> [Task instructions]: Which lines below hold the word "Fake"? Report each one.

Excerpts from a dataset
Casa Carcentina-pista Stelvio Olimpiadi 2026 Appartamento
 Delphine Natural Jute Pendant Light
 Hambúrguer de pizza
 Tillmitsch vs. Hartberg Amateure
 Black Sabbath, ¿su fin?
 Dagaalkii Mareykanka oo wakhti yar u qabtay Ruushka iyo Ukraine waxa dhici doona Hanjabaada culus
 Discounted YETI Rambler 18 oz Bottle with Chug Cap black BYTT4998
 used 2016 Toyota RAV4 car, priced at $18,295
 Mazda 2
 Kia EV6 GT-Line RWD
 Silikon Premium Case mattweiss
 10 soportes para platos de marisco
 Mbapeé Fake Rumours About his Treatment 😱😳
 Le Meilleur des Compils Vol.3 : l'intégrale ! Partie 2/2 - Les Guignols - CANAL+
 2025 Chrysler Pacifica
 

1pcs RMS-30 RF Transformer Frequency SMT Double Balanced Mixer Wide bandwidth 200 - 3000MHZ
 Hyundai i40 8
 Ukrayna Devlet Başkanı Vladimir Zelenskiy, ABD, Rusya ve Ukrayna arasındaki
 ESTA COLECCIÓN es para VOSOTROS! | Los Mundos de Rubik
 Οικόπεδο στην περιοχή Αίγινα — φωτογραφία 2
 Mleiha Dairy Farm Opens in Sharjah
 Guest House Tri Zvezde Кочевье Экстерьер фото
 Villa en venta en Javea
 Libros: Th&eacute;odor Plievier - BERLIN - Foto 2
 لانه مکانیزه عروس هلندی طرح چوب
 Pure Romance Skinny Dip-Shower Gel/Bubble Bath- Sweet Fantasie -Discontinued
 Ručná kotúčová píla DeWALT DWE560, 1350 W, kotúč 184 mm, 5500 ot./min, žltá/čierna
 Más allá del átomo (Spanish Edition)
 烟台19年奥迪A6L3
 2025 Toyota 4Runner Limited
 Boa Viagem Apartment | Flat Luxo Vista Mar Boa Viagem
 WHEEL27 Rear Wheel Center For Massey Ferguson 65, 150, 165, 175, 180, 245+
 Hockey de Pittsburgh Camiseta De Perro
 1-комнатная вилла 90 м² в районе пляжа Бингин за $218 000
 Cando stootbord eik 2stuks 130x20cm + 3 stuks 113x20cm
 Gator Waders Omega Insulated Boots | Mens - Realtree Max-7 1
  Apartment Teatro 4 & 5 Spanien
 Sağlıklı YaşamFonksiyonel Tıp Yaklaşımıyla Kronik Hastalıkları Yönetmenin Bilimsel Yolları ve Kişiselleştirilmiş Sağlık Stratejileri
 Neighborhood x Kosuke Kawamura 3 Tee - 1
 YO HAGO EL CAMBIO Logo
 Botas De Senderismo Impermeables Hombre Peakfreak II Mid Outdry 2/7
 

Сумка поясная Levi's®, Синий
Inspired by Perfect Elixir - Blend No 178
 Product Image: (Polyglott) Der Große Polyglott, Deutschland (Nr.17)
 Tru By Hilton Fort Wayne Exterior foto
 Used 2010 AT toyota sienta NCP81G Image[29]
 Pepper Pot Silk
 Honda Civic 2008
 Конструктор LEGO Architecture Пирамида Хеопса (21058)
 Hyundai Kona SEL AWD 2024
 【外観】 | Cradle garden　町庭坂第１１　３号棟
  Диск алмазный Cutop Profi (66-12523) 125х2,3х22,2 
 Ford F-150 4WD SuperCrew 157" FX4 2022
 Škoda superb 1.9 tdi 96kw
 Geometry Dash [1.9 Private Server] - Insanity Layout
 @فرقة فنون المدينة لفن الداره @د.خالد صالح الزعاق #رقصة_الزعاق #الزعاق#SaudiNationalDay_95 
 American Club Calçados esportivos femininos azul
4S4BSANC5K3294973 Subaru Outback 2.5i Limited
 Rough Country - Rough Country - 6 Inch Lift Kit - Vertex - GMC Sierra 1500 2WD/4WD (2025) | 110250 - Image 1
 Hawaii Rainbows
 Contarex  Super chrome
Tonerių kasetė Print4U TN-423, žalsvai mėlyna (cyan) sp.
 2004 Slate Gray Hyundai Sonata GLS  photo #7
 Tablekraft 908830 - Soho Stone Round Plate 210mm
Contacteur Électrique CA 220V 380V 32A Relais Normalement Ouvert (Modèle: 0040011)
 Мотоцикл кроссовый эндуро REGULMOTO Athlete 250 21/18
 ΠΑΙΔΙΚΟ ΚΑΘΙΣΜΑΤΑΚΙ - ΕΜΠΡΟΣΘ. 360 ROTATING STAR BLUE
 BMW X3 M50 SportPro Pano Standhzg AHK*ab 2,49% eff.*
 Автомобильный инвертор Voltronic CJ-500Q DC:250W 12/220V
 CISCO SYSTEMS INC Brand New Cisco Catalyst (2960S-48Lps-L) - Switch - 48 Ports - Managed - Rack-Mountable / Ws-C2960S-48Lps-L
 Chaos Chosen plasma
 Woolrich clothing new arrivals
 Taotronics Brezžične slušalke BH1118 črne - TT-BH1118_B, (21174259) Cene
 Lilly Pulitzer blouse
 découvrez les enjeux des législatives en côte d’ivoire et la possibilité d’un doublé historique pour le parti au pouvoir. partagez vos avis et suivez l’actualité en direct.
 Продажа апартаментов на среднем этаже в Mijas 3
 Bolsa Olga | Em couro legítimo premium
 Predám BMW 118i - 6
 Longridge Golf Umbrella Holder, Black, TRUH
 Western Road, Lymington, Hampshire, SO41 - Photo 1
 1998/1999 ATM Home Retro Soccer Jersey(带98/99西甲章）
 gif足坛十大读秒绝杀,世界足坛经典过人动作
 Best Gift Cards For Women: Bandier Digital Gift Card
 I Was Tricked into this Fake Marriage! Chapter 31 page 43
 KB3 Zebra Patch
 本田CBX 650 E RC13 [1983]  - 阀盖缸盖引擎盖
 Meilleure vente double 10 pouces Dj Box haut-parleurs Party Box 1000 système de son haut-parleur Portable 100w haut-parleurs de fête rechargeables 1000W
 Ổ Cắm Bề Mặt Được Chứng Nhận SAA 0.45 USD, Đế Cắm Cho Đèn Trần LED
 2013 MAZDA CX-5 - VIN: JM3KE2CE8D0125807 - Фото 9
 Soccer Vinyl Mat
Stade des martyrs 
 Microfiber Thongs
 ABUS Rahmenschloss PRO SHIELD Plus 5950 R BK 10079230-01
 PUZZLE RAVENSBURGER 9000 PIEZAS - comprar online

> [Exercise solution]:
 Mbapeé Fake Rumours About his Treatment 😱😳
 I Was Tricked into this Fake Marriage! Chapter 31 page 43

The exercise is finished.